* WORK TO BE COMPLETED *
Using the records below, output the stretch that opens with the line containing "Building Photo - 10743 Boardwalk St" and closes with the line containing "Photo 1 VIN: 2G4WB52K5W1461705 - BUICK REGAL", exactly and including both lines, with nothing more.

BEGIN INFORMATION SUPPLIED

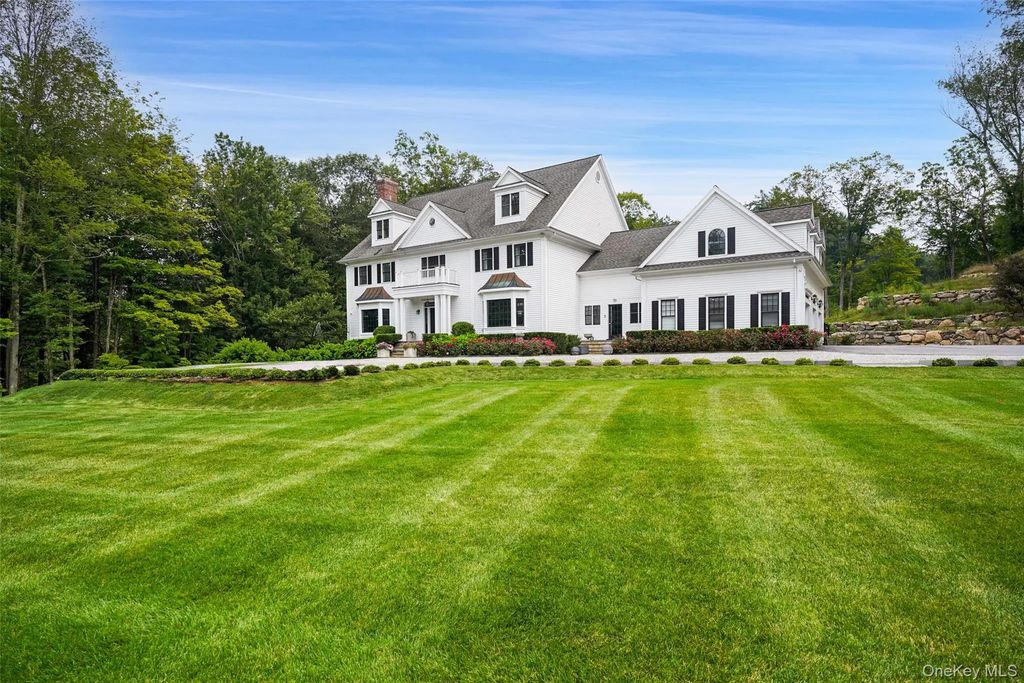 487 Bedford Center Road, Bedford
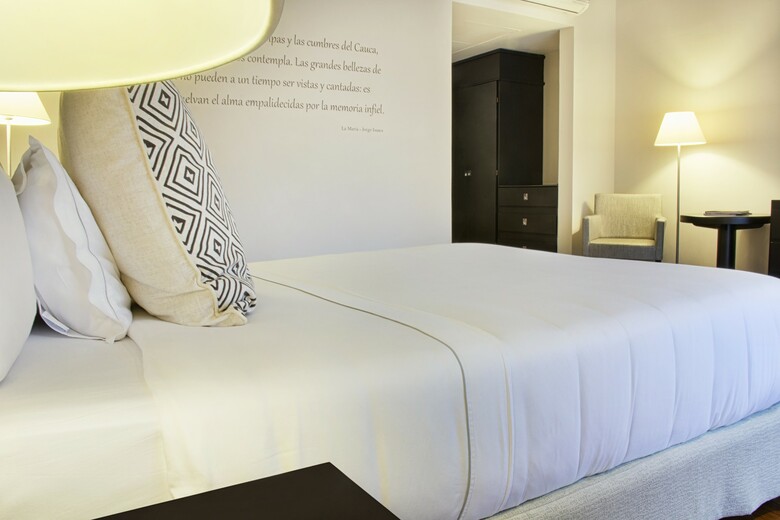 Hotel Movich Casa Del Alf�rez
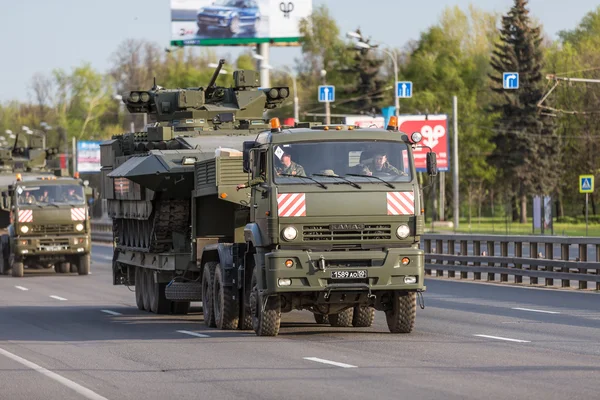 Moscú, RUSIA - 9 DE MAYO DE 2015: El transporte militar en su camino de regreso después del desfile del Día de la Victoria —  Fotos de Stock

END INFORMATION SUPPLIED
BEGIN INFORMATION SUPPLIED

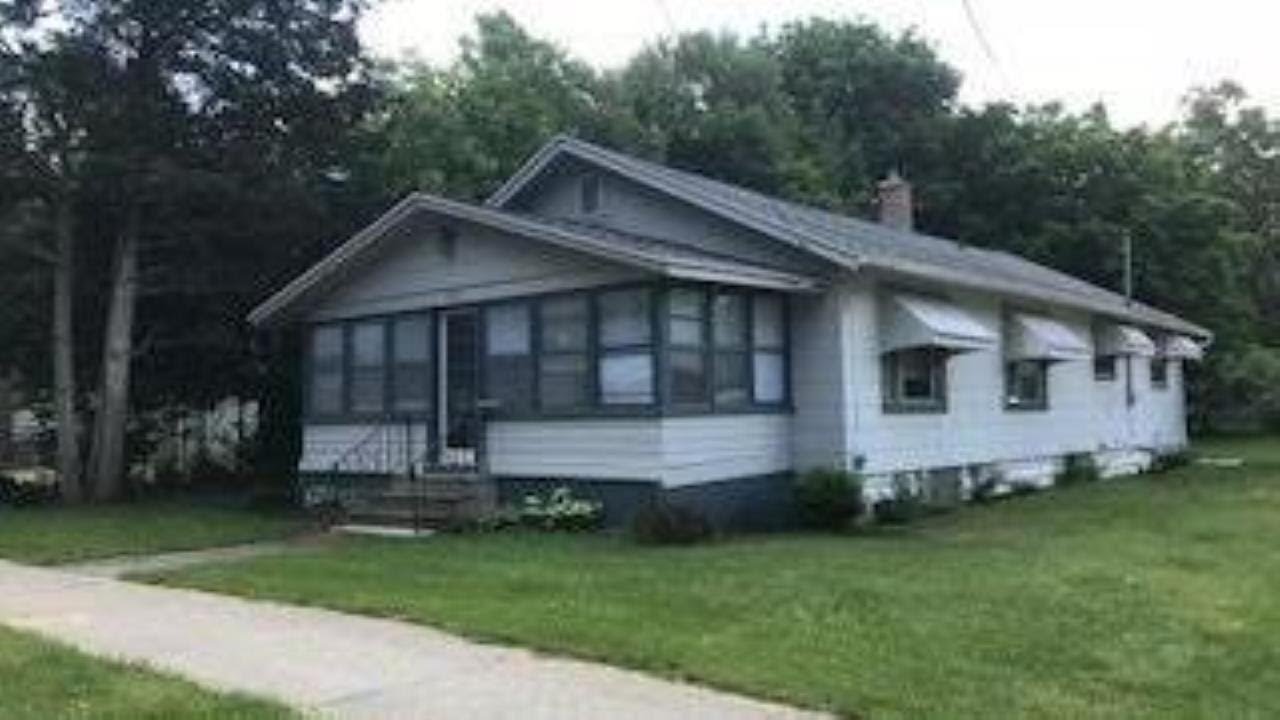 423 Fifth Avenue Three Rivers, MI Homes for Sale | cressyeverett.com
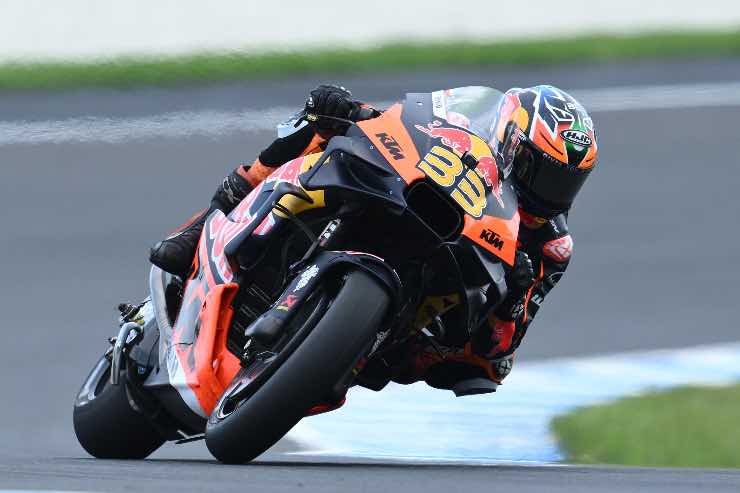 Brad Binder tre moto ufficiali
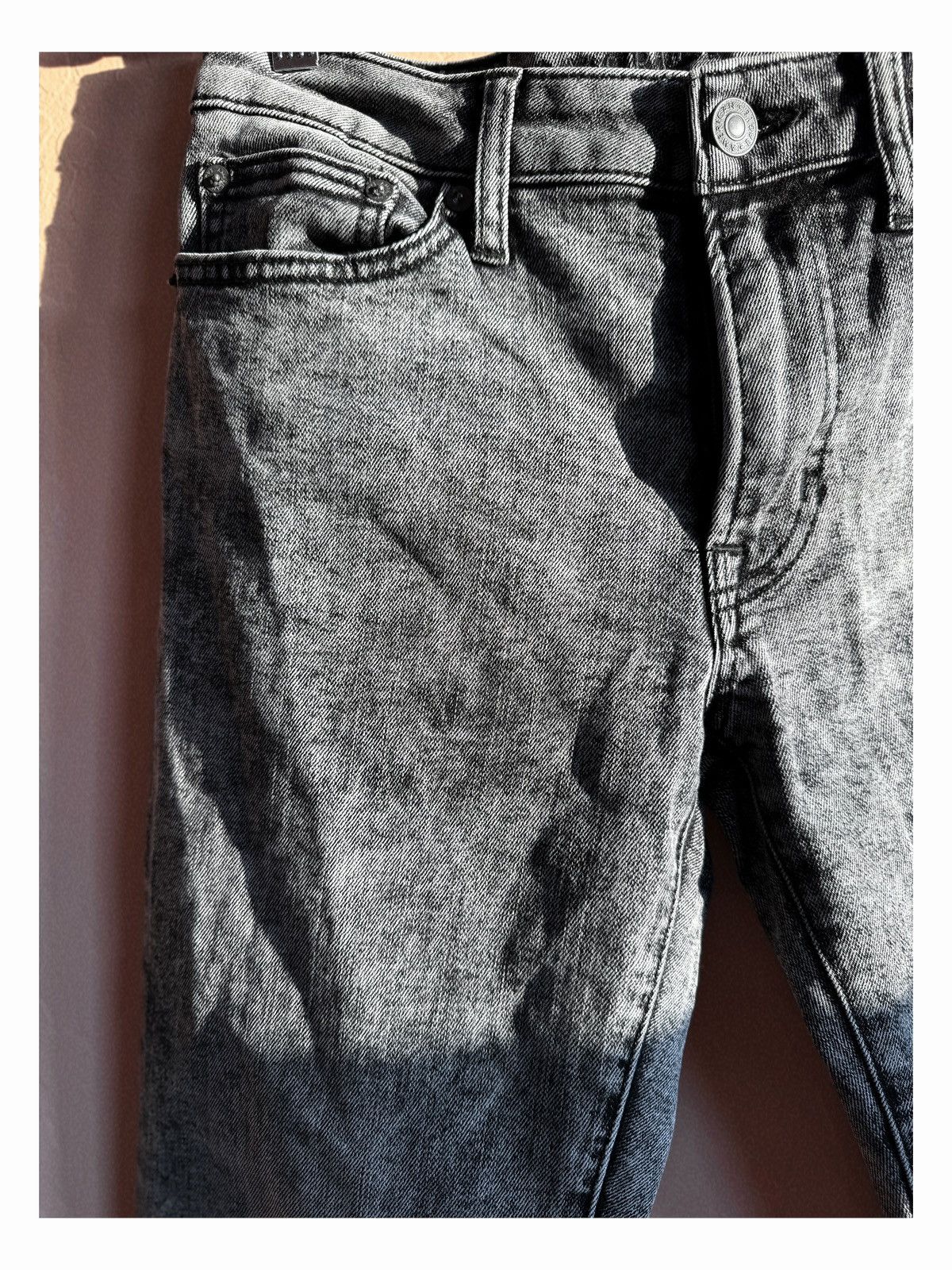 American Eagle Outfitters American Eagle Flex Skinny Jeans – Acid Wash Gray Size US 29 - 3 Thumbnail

END INFORMATION SUPPLIED
BEGIN INFORMATION SUPPLIED

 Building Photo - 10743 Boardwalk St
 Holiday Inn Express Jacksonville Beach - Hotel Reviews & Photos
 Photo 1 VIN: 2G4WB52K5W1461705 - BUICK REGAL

END INFORMATION SUPPLIED

* RESULT *
 Building Photo - 10743 Boardwalk St
 Holiday Inn Express Jacksonville Beach - Hotel Reviews & Photos
 Photo 1 VIN: 2G4WB52K5W1461705 - BUICK REGAL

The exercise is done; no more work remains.